In addition to this, the relative solar photometry is given as daily averages (Fröhlich 2009), whereas the stellar measurements are obtained over only half an hour. On timescales less than a day, the solar photometry is dominated by granulation and oscillations, which is not the focus of our studies. We used the atmosphere model described below to calculate the difference in the standard deviation of the solar photometry calculated from either 30-minute or 24 hr averages. Here the former turned out to be only 0.1% larger. We therefore consider this value to be insignificant.

3.2. Peak-height Ratios

Starspot modulation of the stellar light curves encodes information about the stellar rotation and magnetic activity (see also Section 2.4). If the star is differentially rotating, spots at different latitudes may have different rotation rates.

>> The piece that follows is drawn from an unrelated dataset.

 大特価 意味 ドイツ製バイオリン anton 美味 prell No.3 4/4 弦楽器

Based on the periodogram analysis, and in particular on the ratios between the heights of the second and first harmonics of the rotation period (hereafter peak-height ratios), Reinhold & Arlt (2015) proposed a method to determine the sign of differential rotation. With a detailed analysis of synthetic data, Santos et al. (2017) showed that the method was not fully valid, in some cases, leading to false positives/negatives of the sign of differential rotation (for details see Santos et al. 2017). Nevertheless, Santos et al. (2017) also showed that the peak-height ratios may provide a simple and fast way to constrain stellar inclination and spot latitude. Namely, if the stellar inclination is known (e.g., from asteroseismology; Section 2.3), one may estimate the spot latitudes.

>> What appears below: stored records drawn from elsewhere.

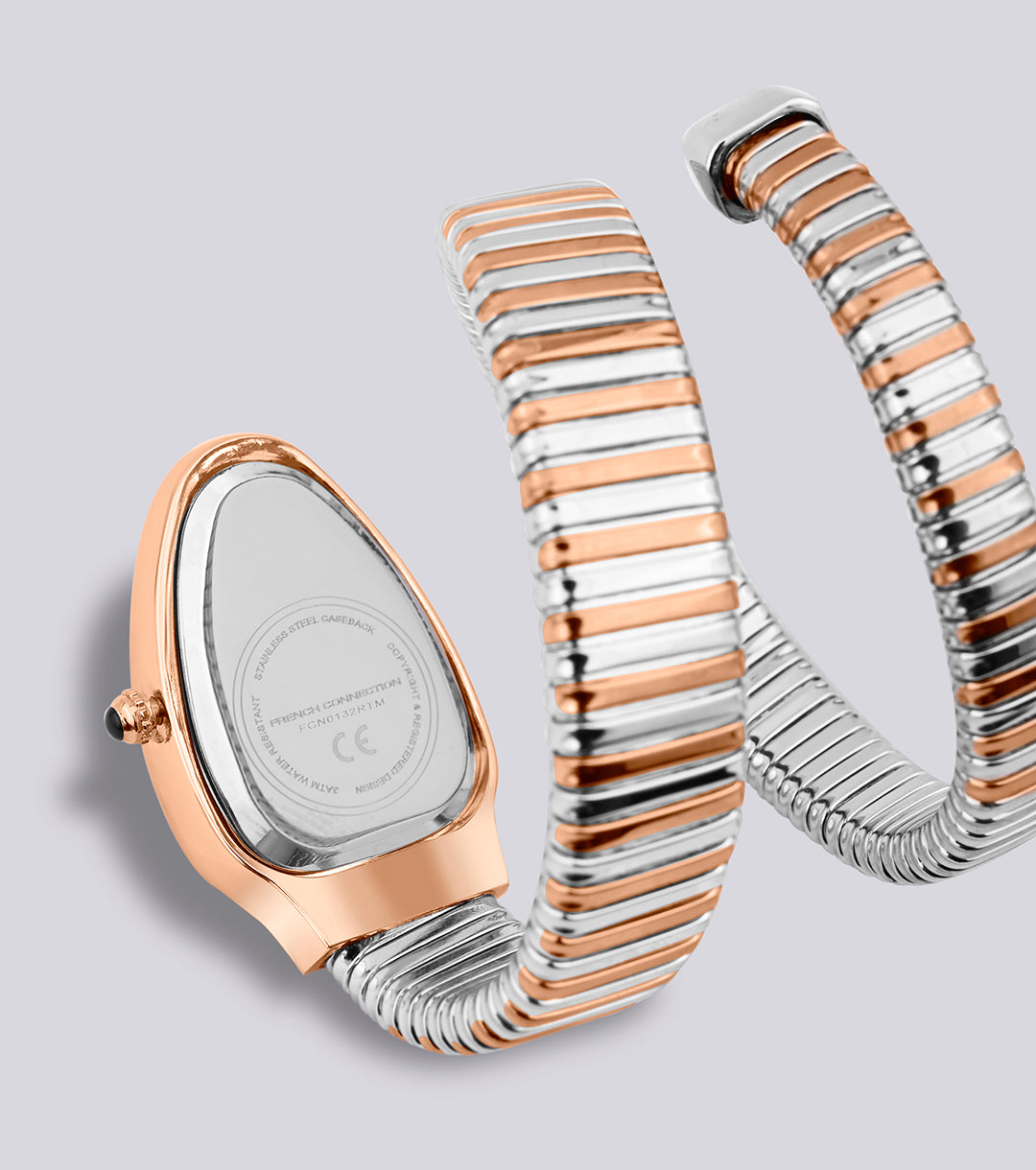 The Mystic Curve 2.0 Women’s Wrap Around Strap Analogue Watch | Pink Embellished Oval Dial Trendy Watch - FCN0132RTM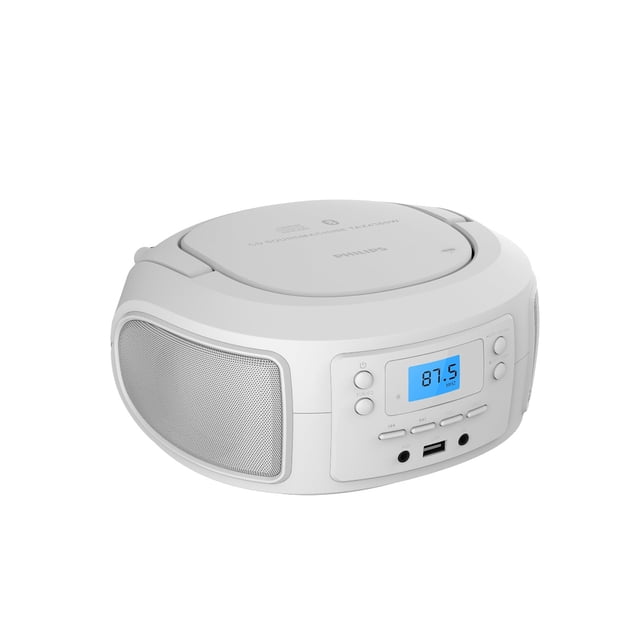 Reproductor de CD Philips portátil con Bluetooth TAZ4300 blanco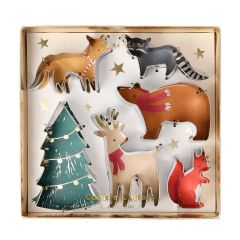Cortadores variados animales de Navidad (6) - Meri Meri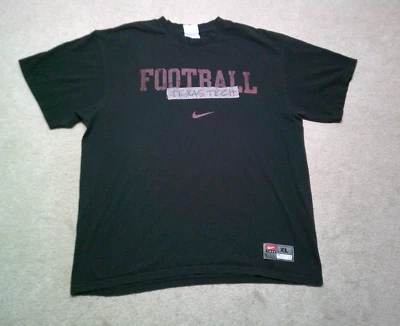 Vintage Texas Tech T Shirt Mens XL Extra Large Black Nike Team Y2K - Image 1 of 4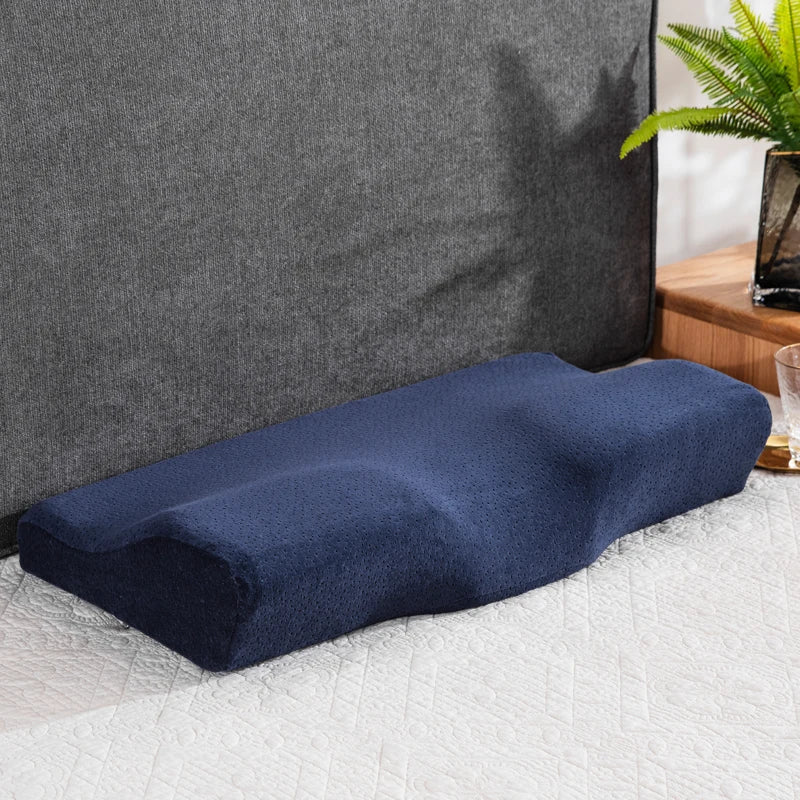 Butterfly-Shaped Memory Foam Cervical Pillow – Orthopedic Neck Protection for Better Sleep - Image 9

Figure 6 compares the theoretical latitude–ratio relation (following the approach in Santos et al. 2017) with the peak-height ratios obtained from the periodogram analysis of the full Kepler light curve for HD 173701. We repeat the same analysis for two independent subseries of 735 days.

Figure 6.

Figure 6. Comparison between the theoretical peak-height ratios for $i={38}_{-{4}^{\circ }}^{\circ +{3}^{\circ }}$ (solid black line and gray region) and the values recovered from the periodogram analysis of the Kepler light curve of HD 173701 (dashed lines).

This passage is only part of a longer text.